Я покоряю города истошным воплем идиота.

Сползает по крыше старик Козлодоев, пронырливый, как коростель.

На нашем месте в небе должна быть звезда.

Рок-н-ролл мертв, а я еще нет.

Нам всем будет лучше, когда ты уйдешь. (Последняя песня, впрочем, сделалась источником цитат на многие случаи жизни: «Твой муж был похож на бога – теперь он похож на тень. Теперь он просто не может то, что раньше ему было лень».)

Ты дерево, твое место в саду. (В армии обычно поют: «Ты дерево, твое место в строю»; по крайней мере пели в наше время.)

Они не выйдут из клетки, потому что они не хотят.

Это только наши танцы на грани весны.

Праздник урожая во дворце труда.

Возьми меня к реке, положи меня в воду. (Просьба, часто обращаемая к женам с похмелья.)

Вперед, вперед, плешивые стада (как, впрочем, и вся «Московская октябрьская»).

Моя смерть ездит в черной машине с голубым огоньком.

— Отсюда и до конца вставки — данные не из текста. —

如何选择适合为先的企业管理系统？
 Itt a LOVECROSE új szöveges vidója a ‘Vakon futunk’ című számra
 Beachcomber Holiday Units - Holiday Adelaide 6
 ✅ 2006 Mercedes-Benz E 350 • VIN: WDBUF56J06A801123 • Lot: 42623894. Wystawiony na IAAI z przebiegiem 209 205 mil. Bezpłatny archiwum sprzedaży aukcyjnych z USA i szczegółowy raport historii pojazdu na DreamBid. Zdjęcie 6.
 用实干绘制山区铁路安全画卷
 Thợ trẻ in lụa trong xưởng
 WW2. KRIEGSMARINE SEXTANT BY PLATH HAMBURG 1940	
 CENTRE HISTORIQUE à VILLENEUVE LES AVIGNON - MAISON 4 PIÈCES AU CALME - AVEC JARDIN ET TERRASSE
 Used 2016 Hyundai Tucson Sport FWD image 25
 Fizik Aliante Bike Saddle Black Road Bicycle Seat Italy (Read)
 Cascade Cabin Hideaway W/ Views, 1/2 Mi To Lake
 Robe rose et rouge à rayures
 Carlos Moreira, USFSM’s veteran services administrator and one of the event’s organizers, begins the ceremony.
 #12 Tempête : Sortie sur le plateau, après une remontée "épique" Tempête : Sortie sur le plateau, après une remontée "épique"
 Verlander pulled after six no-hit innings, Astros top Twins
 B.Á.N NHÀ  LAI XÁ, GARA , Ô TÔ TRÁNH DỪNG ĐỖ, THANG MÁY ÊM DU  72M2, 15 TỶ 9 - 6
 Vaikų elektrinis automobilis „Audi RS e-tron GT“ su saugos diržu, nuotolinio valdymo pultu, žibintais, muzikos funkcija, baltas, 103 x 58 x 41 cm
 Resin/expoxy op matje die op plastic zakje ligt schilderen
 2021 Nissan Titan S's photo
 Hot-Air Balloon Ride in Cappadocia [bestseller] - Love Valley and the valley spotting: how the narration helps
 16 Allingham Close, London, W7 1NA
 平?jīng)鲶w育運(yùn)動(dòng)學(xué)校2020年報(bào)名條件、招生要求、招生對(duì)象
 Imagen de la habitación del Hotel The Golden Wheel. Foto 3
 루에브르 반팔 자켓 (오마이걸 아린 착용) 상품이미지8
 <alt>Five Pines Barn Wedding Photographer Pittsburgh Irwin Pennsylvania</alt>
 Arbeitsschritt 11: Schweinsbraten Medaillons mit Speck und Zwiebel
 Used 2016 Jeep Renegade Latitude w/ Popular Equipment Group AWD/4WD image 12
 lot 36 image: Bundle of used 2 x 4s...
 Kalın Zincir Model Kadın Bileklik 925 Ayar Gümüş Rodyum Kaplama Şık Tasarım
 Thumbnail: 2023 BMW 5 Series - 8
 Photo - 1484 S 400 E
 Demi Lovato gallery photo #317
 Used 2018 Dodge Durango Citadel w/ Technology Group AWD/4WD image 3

Восемь тысяч двести верст пустоты, а все равно нам с тобой негде ночевать.

Мама, я не могу больше пить.

Все говорят, что пить нельзя, а я говорю, что буду.

Что нам делать с пьяным матросом?! (говорится, когда кто-либо в компании опередил прочих в утрате самоконтроля).

И так далее – свой перечень любимых цитат найдется у каждого и окажется много длиннее, я привел только самое общеупотребительное, то, что давно уже выполняет в российской культуре двоякую функцию: во-первых, это система опознавания своих, пароль-отзыв, а во-вторых – наилучший способ выразить трудновыразимое. Борис Борисович за нас уже постарался.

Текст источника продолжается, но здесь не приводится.